Monday, July 17, 2017

San Cristóbal de las Casas

In the evening we took an overnight sleeper bus to San Cristóbal (short for San Cristóbal de las Casas).  I have not taken an overnight bus for a long time.  The last one I took was probably at least ten years ago, from Hamburg to Paris.  On that I bus I sat next to a triple-wide African woman who took half my seat.  I could've used her as my mattress.

This 11-hour bus journey started at 8pm, when it got dark.  We couldn't see outside but we could feel the winding road.  Soon I started getting nauseous.  Later I asked my travel companions and some of them said they were nauseous too.  After a while the road gets better but still a little bumpy.  Except for a few security checkpoints, the bus did not stop.  Half-way through they switched drivers.  They played a movie about Bobby Fischer at the beginning of the trip but most of the way the inside of the bus was dark.  There were Men's and Women's toilets and the seats lean further back than most buses.    Most people slept (I think) or closed their eyes.  Since I usually can't sleep on buses or airplanes, so I couldn't sleep.  I may have dozed off a little bit but I was awake most of the time.  It was a very long and unforgettable evening.

We arrived in San Cristobal early in the morning and checked into the hotel.  Our rooms were not ready so we went out for breakfast, then came back to put our things in the rooms.  We were to spend 3 nights here.

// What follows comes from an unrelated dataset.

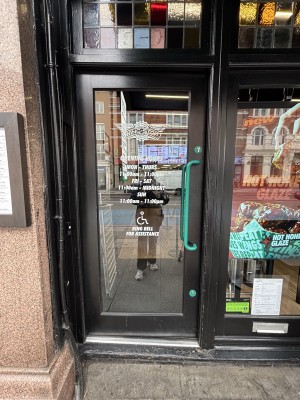 Glass door with black frames. Push green handle on right to open. One step up to door. Doormat behind. Assistance doorbell on left of door.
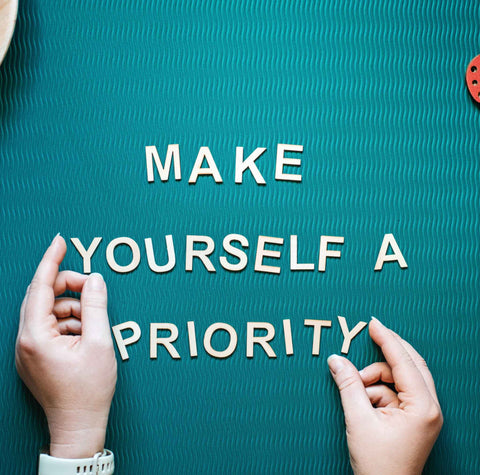 sign that reads: make yourself a priority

Although I have not heard of the town, by the looks of the number of tourists here, this must be quite a popular tourist spot.  Most activities revolve around the zocalo (or city square).  There were a few pedestrian malls that are lined with shops, restaurants, bars, etc.  One thing this area is known for is amber.  If you saw the first Jurassic Park movie, you will remember that they found a mosquito that had sucked the blood of a dinosaur.  From there they were able to recreate dinosaurs.  (I am probably not factually correct here because I saw the movie a long time ago).  Anyway, it's a tree resin that has been fossilized a very very long time ago.  If you clicked on the link on amber above, wikipedia has some excellent photos of what they look like.

On our first day, we were supposed to rest from our long bus journey.  I took advantage of a laundry near the hotel and have all my dirty clothes, weighing about 2 kilos, washed for 30 pesos ($1.69)!  She even folded them beautifully.  What a treat; not having to wear dirty clothes for more 3 days!

One thing I noticed right away is that there are a lot more Indigenous People (what Americans call Native Americans) here.  Like in many countries invaded by Europeans, the natives are the ones who always ended at the bottom of the economic ladder.  So most of them are peddling souvenirs or food to the tourists.  Even little kids have to do this to help their family.  It's a sad situation.  Chiapas, where San Cristobal is, is one of the poorest states in Mexico and has the most number of Indigenous People.

A Chamula (Indigenous) Church

A bar near the zocaolo

Indigenous People selling fruits and vegetables


An early morning street sweeper in front of a graffiti wall

An Indigenous girl showing the art of hand-weaving

Some of the beautiful work produced by her

Range of souvenirs, again sold mostly by Indigenous people

Cathedral near the zocalo

Protest by the Indigenous people against the Federal Government
We visited two Indigenous communities - the Chamula and Zinacantan.  They are similar but different.  Both are close-knit communities and have their own language.  They run it like their own town and manage their own affairs.  Crime is very low because it's like a commune.  Everyone looks out for each other.  One has a little bit of Catholicism sprinkled with their native religion.  The other has more Catholicism in their religion.  According to our tour guide Cesar, all the people living in this communities are happy where they are.  They allow visitors but they don't welcome them to stay there.  Cesar speaks the language and grew up in the area so most people know him.

On the next day we have the option of going to the Canyon Sumidero, about an hour away and a cooking class.  I opted to just go to the Canyon, which I later regret.  Although beautiful and we did see some monkeys and crocodiles laying on the side of the river, the trip was marred by a floating debris of trash.  The trash were washed down from the various streams feeding into the river.  Most villagers don't hesitate to throw trash randomly, and that's where they ended up.  The boat operators said the government is going to clean it up but everyone's question is why don't you clean it up.  The cooking class was more fun because it was good and there was a lot of food, according to my friends.

Crocodiles sunning on the bank of the river

Tourist boats in the canyon
We had some excellent meals in San Cristobal.  Because it's a tourist town, it was very lively.  We enjoyed the beautiful area around the square.  It was within walking distance from our hotel.  Our hotel was nice and the service was excellent.  We had great breakfasts in the morning.  The only shortcoming was that the wifi was slow, but that's in all of Central America.  The next morning we had to depart at 5 am to go to Pelanque, stopping at a couple of water falls along the way.